In this extract of a text called The Subversion of Jerusalem’s Sacred Vernaculars (which is part of Michael Sorkin’s book The Next Jerusalem), Eyal Weizman describes what I interpret as the flexibility of Israeli Jewish’s districts’ boundaries which demarcate their territory with a wire calls the Eruv.
Besides its complex political edges, Jerusalem is surrounded by a boundary that defines not its municipal border, but the geographical limits of one of its religions. The Eruv – a metal wire stretched over high poles – encapsulates the Jewish parts of the city, and prescribes a different religious use mode within it.
The Eruv is a mobile frontier that is always rerouted to encapsulate every newly built Jewish neighborhood in the city. The path of the Eruv marks therefore the momentary state of the city’s Jewish neighborhoods. The Eruv of Jerusalem is about 100km long, but its metal wire, the only necessary element of its construction, weighs no more than 80kg.

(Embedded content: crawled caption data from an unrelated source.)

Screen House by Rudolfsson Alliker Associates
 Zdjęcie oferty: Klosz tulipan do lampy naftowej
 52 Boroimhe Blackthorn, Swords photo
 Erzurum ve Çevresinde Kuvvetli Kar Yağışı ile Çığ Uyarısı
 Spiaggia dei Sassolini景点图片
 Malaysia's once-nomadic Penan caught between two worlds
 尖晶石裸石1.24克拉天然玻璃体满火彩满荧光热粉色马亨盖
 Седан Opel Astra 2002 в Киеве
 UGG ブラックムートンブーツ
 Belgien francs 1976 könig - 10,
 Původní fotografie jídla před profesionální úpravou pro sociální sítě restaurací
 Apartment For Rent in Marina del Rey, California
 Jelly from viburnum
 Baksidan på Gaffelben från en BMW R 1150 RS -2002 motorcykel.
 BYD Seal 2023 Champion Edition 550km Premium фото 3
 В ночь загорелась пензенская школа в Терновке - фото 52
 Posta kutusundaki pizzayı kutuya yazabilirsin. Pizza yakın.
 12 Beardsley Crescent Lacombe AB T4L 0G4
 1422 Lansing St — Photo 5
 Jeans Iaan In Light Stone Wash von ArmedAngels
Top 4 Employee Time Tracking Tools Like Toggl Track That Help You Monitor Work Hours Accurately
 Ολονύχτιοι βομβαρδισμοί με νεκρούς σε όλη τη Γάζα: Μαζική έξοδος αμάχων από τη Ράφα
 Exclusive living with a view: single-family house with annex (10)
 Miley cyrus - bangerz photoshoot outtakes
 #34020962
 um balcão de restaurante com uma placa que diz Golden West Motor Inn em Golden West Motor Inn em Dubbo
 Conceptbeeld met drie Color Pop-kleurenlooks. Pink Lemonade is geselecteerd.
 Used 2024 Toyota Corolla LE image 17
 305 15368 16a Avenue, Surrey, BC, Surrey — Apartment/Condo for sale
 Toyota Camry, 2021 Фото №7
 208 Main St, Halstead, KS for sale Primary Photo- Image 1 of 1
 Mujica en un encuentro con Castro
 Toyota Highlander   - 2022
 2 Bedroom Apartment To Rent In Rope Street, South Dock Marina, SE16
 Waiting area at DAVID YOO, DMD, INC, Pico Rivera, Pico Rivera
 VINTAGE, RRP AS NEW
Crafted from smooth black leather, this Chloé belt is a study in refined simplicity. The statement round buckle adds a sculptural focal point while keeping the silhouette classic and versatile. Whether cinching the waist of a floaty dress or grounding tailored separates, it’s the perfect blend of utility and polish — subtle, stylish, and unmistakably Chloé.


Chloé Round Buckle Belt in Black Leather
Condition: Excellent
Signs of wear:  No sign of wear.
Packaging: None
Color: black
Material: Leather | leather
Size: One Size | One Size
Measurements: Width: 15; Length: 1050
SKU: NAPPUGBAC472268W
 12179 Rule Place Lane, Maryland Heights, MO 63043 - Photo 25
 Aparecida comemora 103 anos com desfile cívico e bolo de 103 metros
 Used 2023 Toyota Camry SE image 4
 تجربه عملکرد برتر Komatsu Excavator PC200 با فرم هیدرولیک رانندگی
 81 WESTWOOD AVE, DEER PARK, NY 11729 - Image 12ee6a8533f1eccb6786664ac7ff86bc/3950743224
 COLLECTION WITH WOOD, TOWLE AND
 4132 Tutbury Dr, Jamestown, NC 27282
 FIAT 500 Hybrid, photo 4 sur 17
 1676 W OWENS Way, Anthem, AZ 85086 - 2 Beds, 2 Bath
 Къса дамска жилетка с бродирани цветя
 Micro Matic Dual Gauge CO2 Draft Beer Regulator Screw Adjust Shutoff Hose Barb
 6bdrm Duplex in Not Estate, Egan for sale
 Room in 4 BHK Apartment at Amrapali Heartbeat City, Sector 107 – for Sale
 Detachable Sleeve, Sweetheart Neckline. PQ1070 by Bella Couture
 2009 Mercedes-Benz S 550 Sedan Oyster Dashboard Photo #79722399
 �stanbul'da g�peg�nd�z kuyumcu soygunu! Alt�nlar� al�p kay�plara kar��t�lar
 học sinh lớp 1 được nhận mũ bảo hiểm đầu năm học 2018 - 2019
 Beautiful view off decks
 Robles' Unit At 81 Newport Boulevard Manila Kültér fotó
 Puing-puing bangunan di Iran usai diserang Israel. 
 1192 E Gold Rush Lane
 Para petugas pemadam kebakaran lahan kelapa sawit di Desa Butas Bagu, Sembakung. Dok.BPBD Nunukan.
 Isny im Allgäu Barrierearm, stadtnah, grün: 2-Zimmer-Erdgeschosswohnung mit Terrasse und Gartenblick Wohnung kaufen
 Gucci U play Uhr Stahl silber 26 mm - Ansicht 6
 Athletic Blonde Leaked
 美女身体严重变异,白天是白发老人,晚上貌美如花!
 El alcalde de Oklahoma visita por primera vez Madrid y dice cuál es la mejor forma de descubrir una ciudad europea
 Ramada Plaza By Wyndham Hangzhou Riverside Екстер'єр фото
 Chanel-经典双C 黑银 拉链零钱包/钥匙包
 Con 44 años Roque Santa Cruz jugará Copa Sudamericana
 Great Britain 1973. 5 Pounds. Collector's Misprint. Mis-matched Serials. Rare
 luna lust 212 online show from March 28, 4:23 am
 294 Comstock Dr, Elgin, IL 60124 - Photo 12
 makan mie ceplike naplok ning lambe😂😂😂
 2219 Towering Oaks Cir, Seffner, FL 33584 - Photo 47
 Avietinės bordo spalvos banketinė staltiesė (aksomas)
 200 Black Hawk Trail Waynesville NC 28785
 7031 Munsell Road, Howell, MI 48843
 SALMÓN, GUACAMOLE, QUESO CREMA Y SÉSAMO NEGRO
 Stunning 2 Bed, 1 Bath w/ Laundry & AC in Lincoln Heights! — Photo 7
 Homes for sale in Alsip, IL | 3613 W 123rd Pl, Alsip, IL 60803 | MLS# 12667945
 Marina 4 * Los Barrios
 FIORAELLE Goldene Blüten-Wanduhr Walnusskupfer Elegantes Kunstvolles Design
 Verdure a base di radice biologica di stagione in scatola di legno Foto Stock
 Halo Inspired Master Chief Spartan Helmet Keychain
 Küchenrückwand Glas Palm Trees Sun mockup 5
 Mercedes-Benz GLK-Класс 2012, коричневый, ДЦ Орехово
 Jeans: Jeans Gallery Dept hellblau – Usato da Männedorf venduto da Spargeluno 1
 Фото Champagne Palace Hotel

Along its path the Eruv boundary manifest itself in different ways. Beyond its presence as a series of poles strung with wire, the Eruv, like a giant-scale act of urban bricolage, incorporates and uses the existing boundaries and urban scars of Jerusalem: fences, walls, concrete decks, metal handrails, rock faces, houses facades, a water reservoir, a railway line, a deep valley to mark its boundary, saving the use of poles and string. These elements could be considered parts of an Eruv boundary, according to lwas described in the Talmud, on the single condition that hey be higher or deeper than one meter. Seeing the city as an object, the Eruv reinterpres and reuses its props and imbues them with another meaning.